Kerity, la maison des contes
Du 15/06/2016 au 15/06/2016
Alors que j’allais à la projection presse de Kerity, la maison des contes, je croise une copine auteur de livres pour enfants. « Ah ! génial, tu vas à la projection du dessin animé illustré par Rebecca Dautremer ? — Euh… mais c’est qui, Rebecca Dautremer ? Une dessinatrice de bateaux à voile ? — Mais non gros bêta, Rebecca Dautremer, c’est la Michel-Ange de l’illustration pour enfants, avec plein de best-sellers magnifiques à son actif ! ».
Et soudain la honte me gagne, moi qui cède quotidiennement à mes garçons en leur montrant les pauvres dessins de Dragonball Z, cette série qui hypnotise de manière incompréhensible des générations successives d’enfants à partir d’un scénario débilissime de guerriers qui s’affrontent aux quatre coins de l’espace…
La honte me gagne encore plus quand je découvre les premières images de Kerity… On est frappé immédiatement par la beauté et la poésie des images, évoquant la délicatesse des chefs d’œuvre de Miyazaki, Kerity faisant, avec son ambiance de bord de mer, irrésistiblement penser à Ponyo sur la falaise. Et en plus Kerity est le cadeau rêvé pour les parents ou les instits qui s’angoissent pour leurs schtroumpfs en proie à des difficultés de lecture, ou qui souhaitent entretenir le talent de leurs petits génies pour l’engloutissage de jolis livres.
Le point de départ de cette superbe histoire est l’arrivée de la famille de Natanaël, 6 ans (ses parents, sa grande sœur, cette peste d’Angelica) dans la maison reçue en héritage d’une grand-tante récemment disparue, une de ces maisons de charme toutes de guingois avec leurs souvenirs et leurs secrets, plantée au bord d’une falaise. Avant de mourir, la vieille Éléonore a laissé pour chaque enfant un cadeau : pour Angelica, une étrange poupée de porcelaine ; et pour Natanaël, la clé de la pièce mystérieuse qui s’avère être une immense bibliothèque remplie d’éditions originales des plus beaux contes.

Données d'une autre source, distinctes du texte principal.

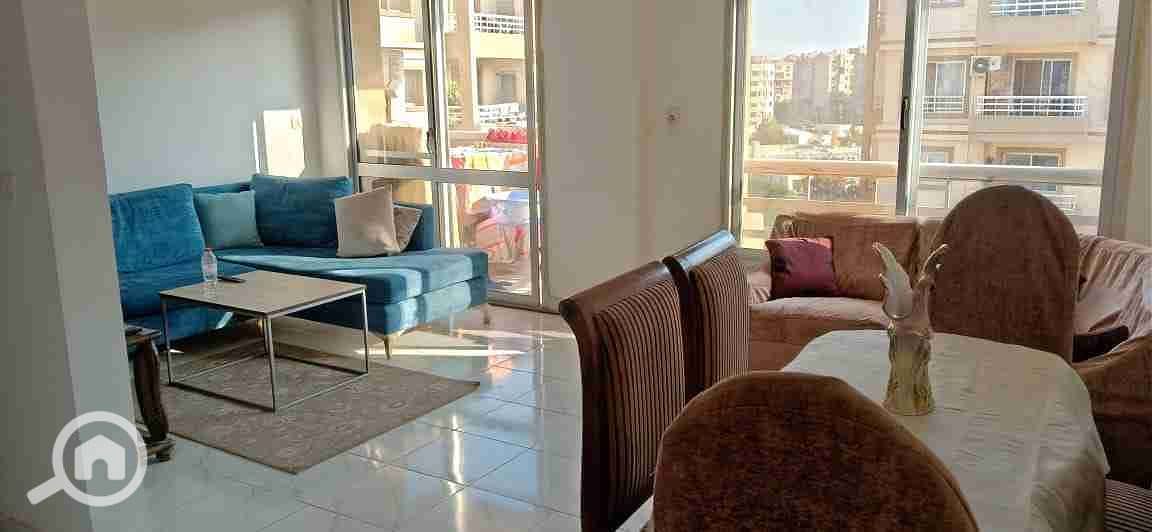 IMG-20251204-WA0091(1). jpg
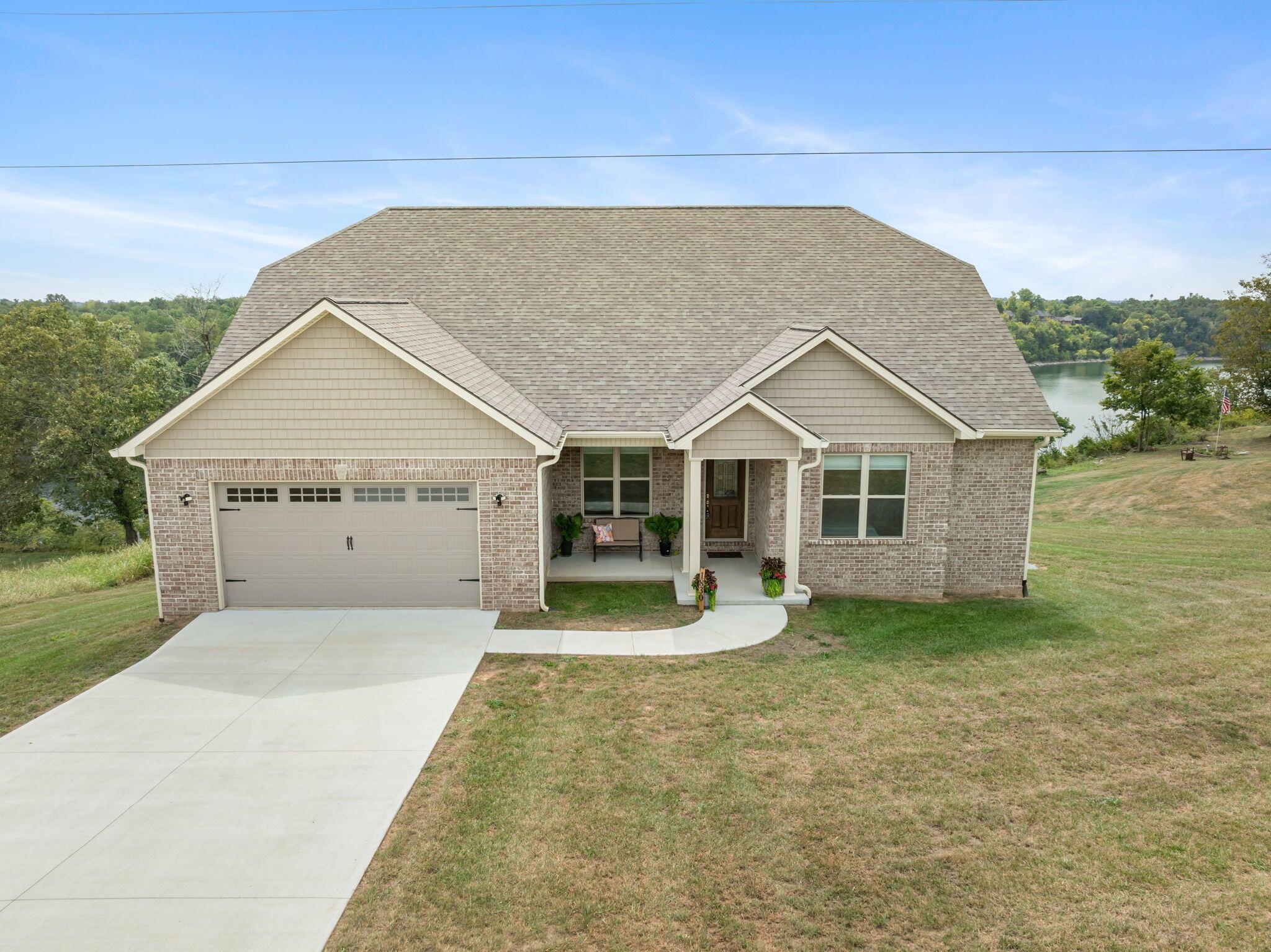 Image 4: 8-web-or-mls-DJI_0283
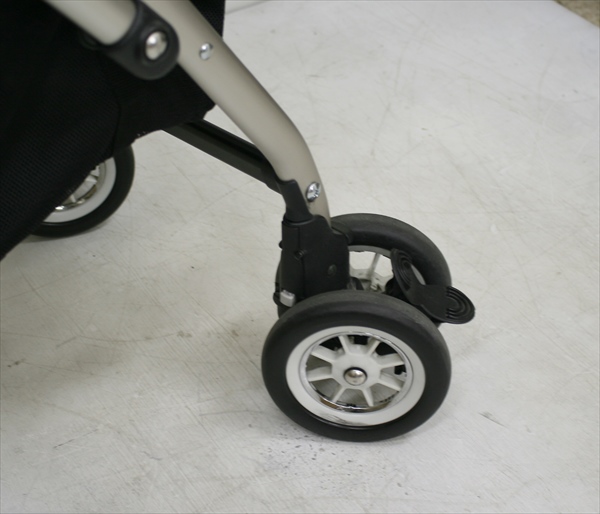 ソラリア 2013 タッジオネイビー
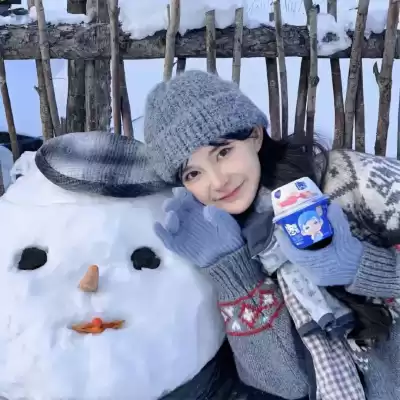 丁芷巧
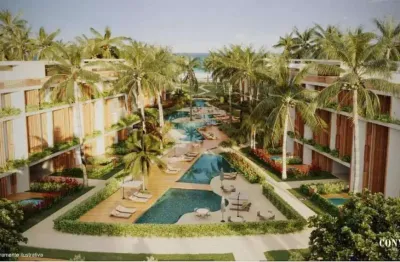 Seu refúgio à beira-mar no pontal do cupe! casas e apartamentos exclusivos no vila convida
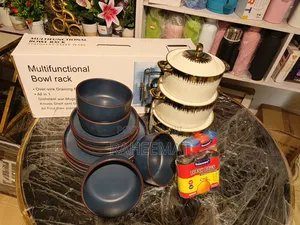 Mealmagic Set Combo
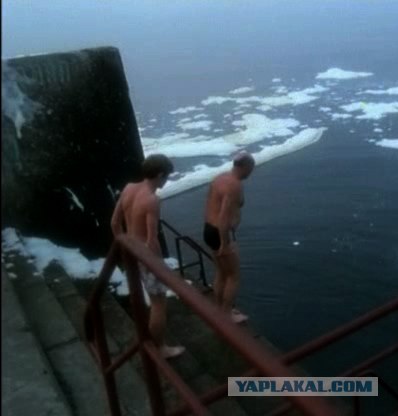 фильм Асса по местам съемок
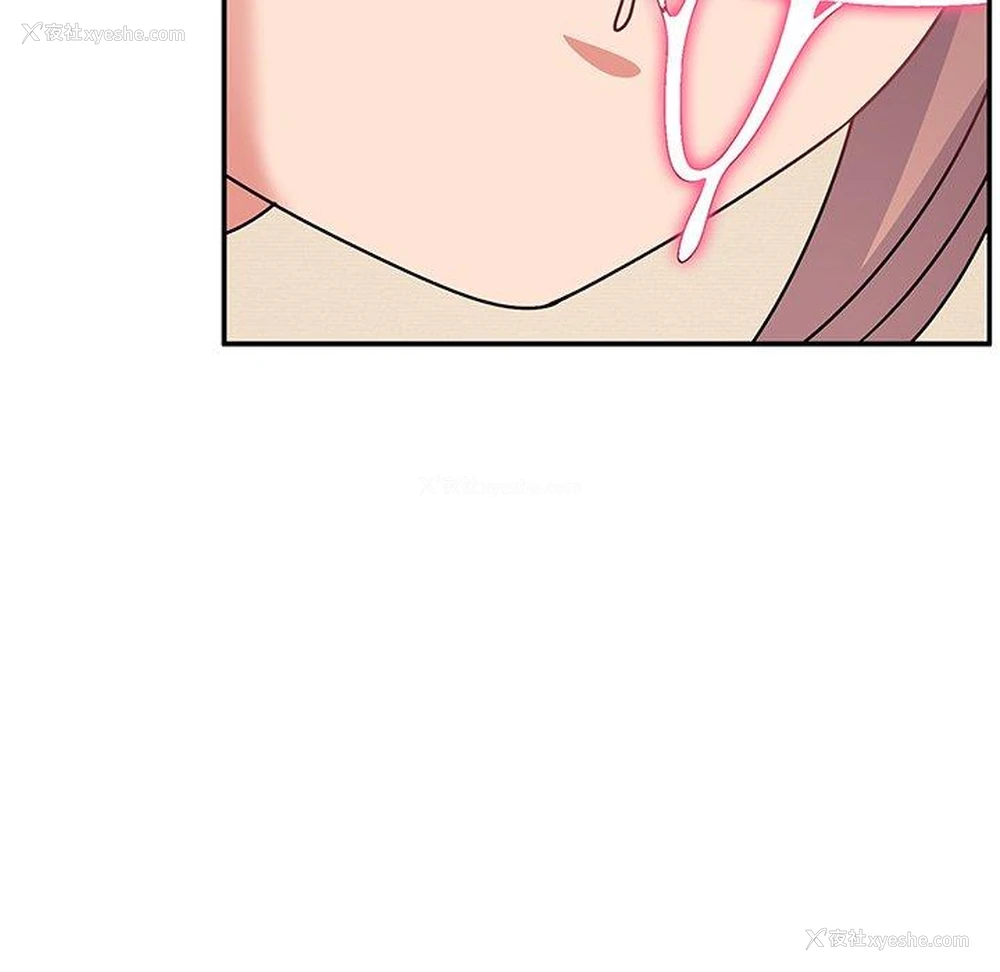 134P - 顽皮女孩敏儿
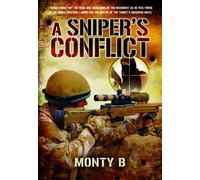 Sniper's Conflict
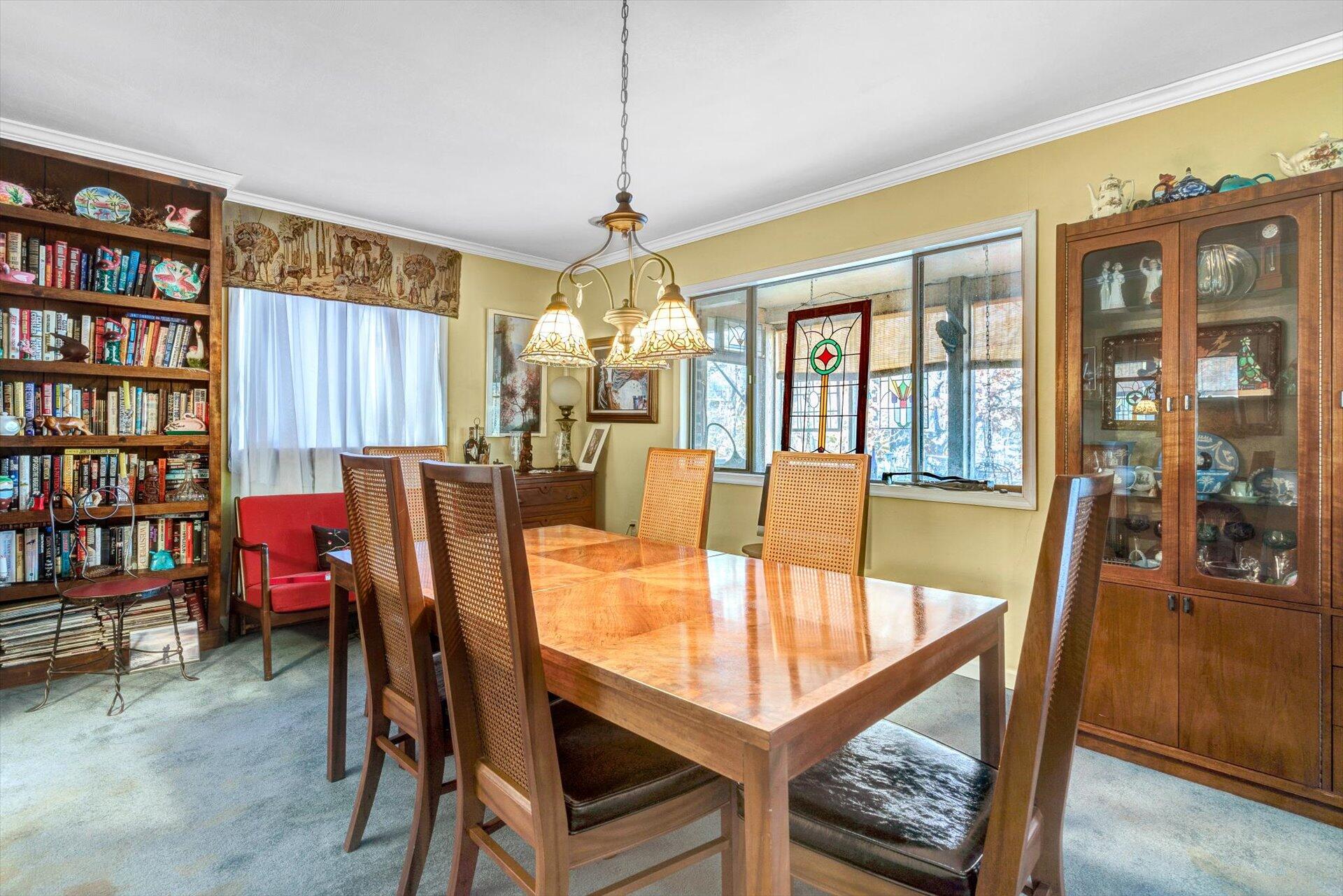 51 Island Road Hardy, VA 24101 - Photo 32 of 55 26-111820210048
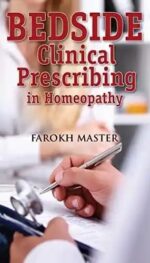 BEDSIDE CLINICAL PRESCRIBING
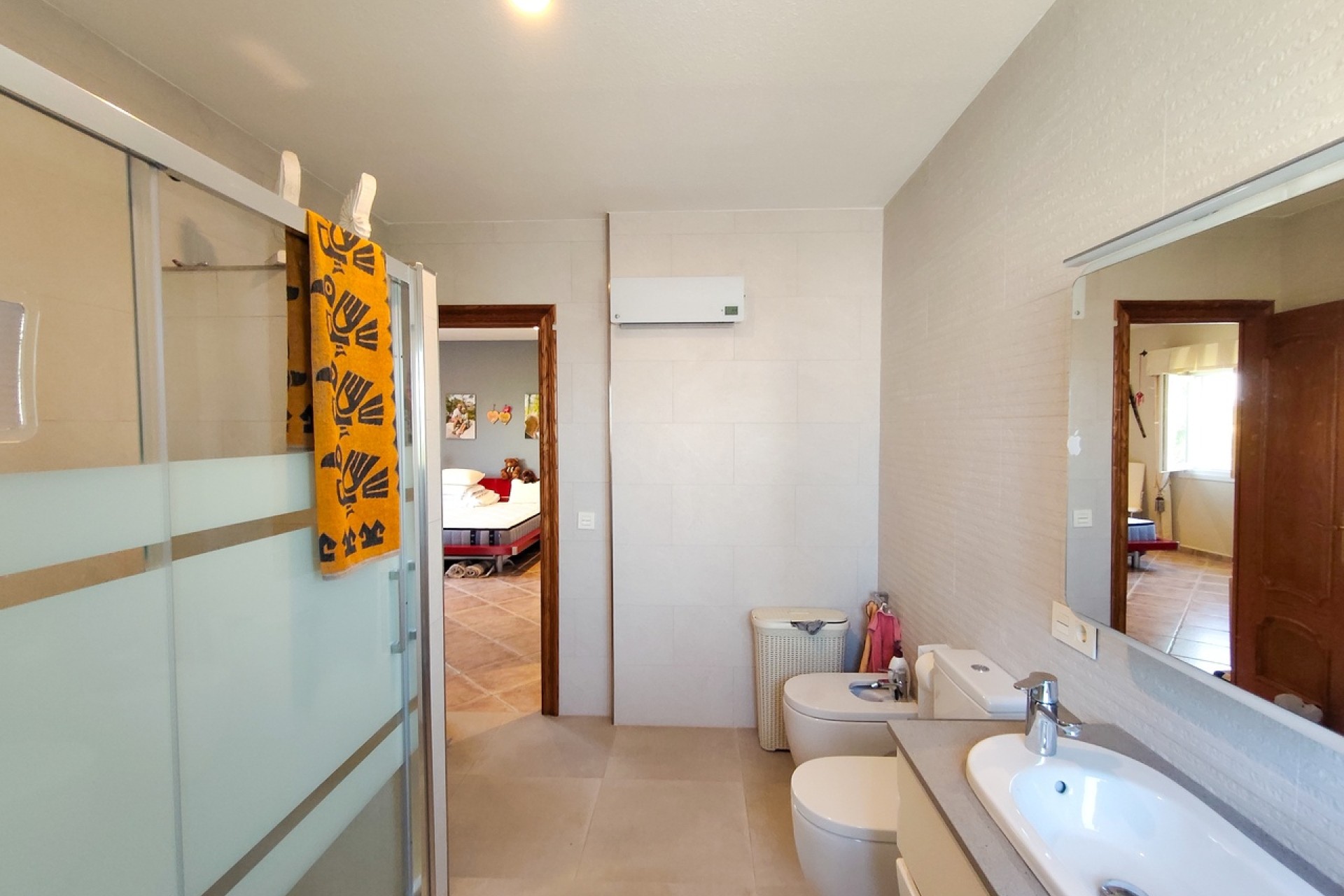 Venta - Chalet Independiente -
Ciudad Quesada - Rojales - Ciudad Quesada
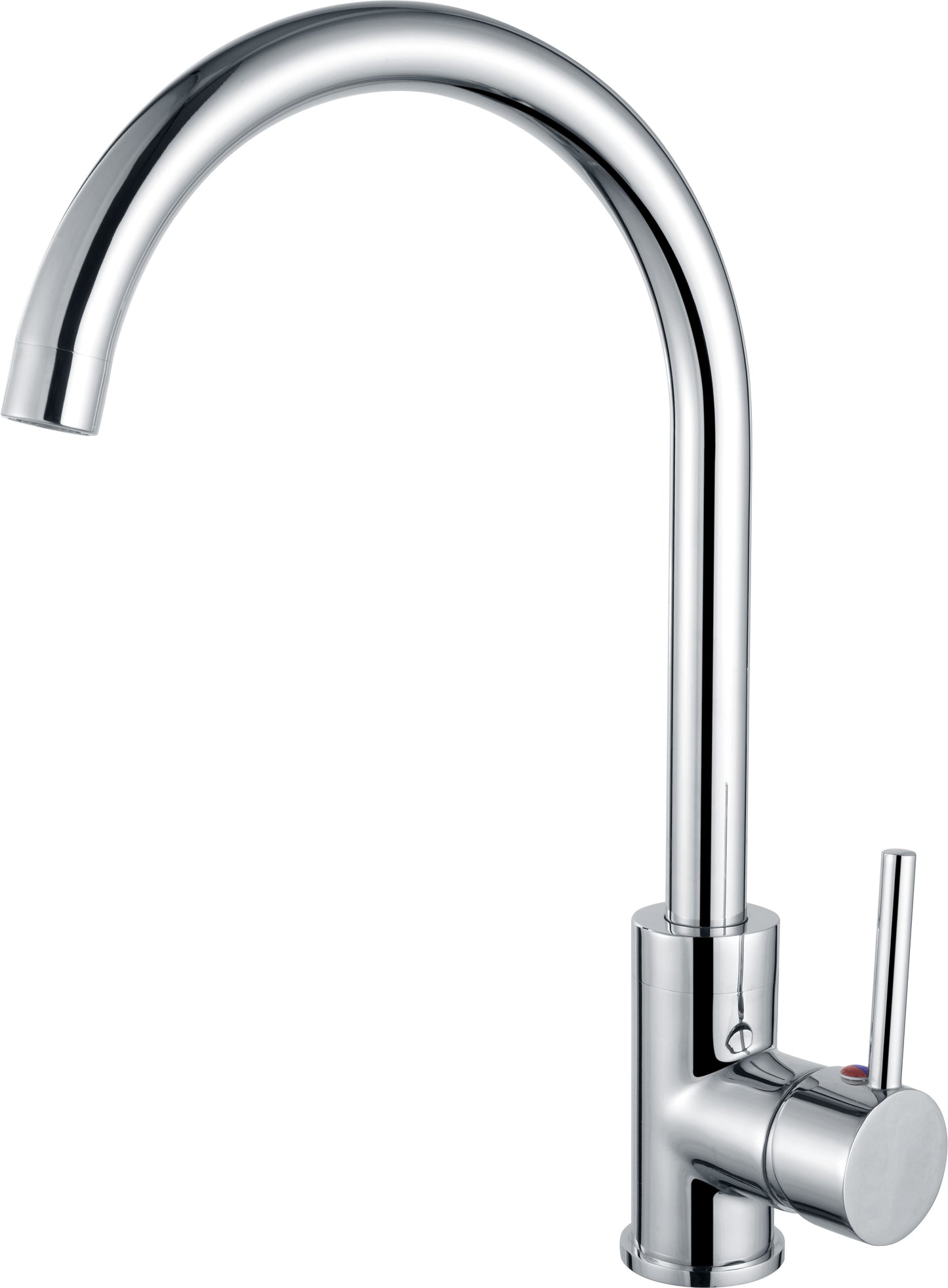 Faucet Kitchen Lyon | IMEX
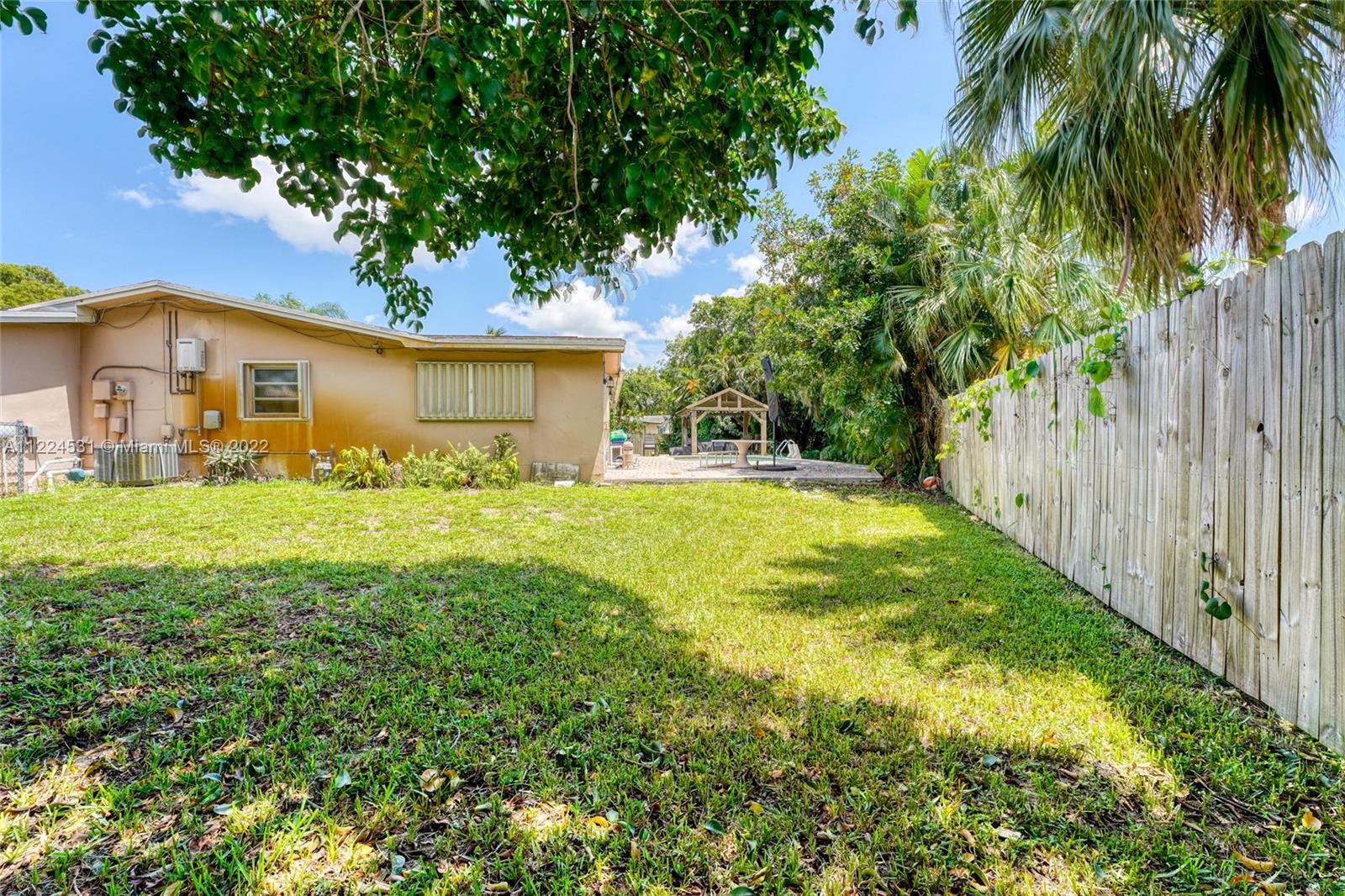 Listing Photo 39
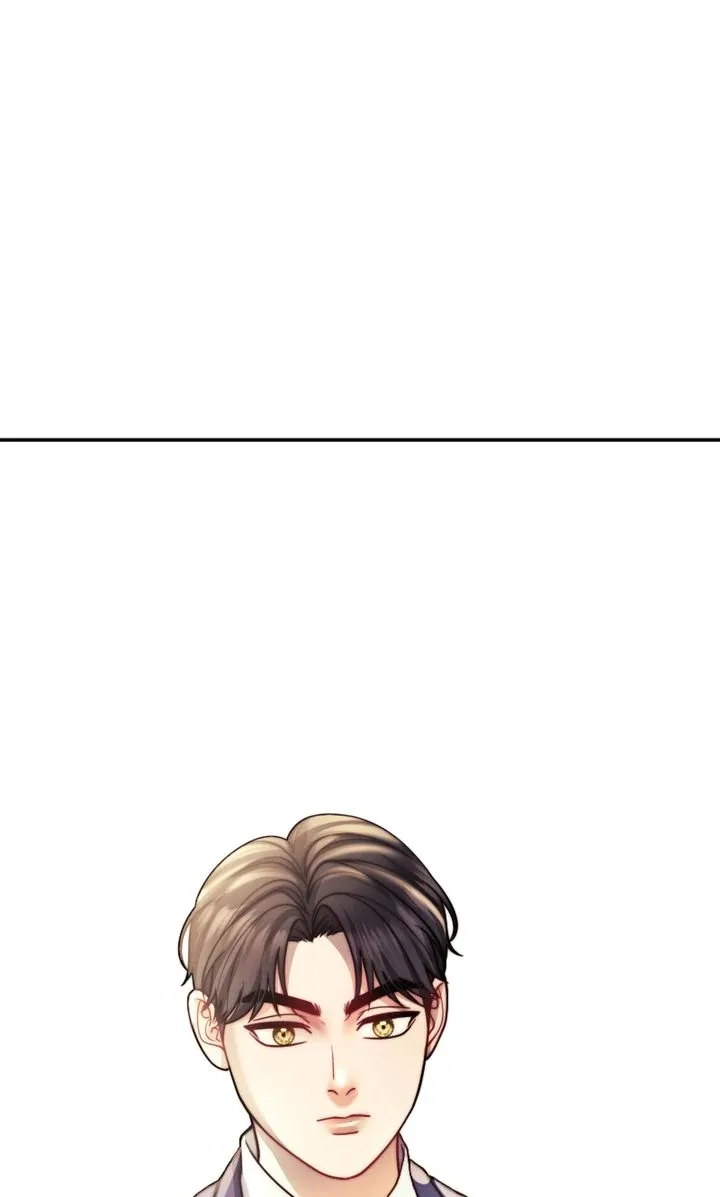 The Billionaire’s Replacement Wife Chapter 34 page 41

Mais Natanaël n’en a que faire : il n’arrive pas à lire correctement… Et quand ses parents ont besoin d’argent pour financer les travaux de rénovation, il ne s’oppose aucunement à ce que le brocanteur du coin, Monsieur Pictou, rachète l’intégralité de la bibliothèque. Sauf qu’entre temps, il découvre que les livres sont habités par leurs personnages : Alice, Le Chat botté, Pinocchio et son maître Gepetto, le Chaperon rouge et son copain le Grand Méchant Loup (depuis le temps qu’ils se côtoient dans un livre, ils ont fini par être amis), la Fée Carabosse qu’on oublie tout le temps… Alors Natanaël comprend que sa vieille tante lui a donné pour mission de faire survivre les personnages des contes. Mais pour cela, il doit parvenir à lire une formule magique (ah toutes ces lettres assemblées !) et surtout récupérer les livres. Sinon ces personnages de contes légendaires disparaîtront à tout jamais pour les enfants du monde entier. Pas facile, surtout quand on a été miniaturisé par la jalouse Fée Carabosse !
Kerity, la maison des contes est à la fois un formidable film d’aventure et une superbe réflexion sur la mémoire des parents disparus, sur le patrimoine des contes, et une incitation définitive autant que ludique à la lecture. Ce soir-là, mes gamins ont été privés de Dragonball et on a lu un joli livre : Le Géant aux oiseaux, illustré par Rebecca Dautremer. Ils ont été ravis et ils ont fait de beaux rêves.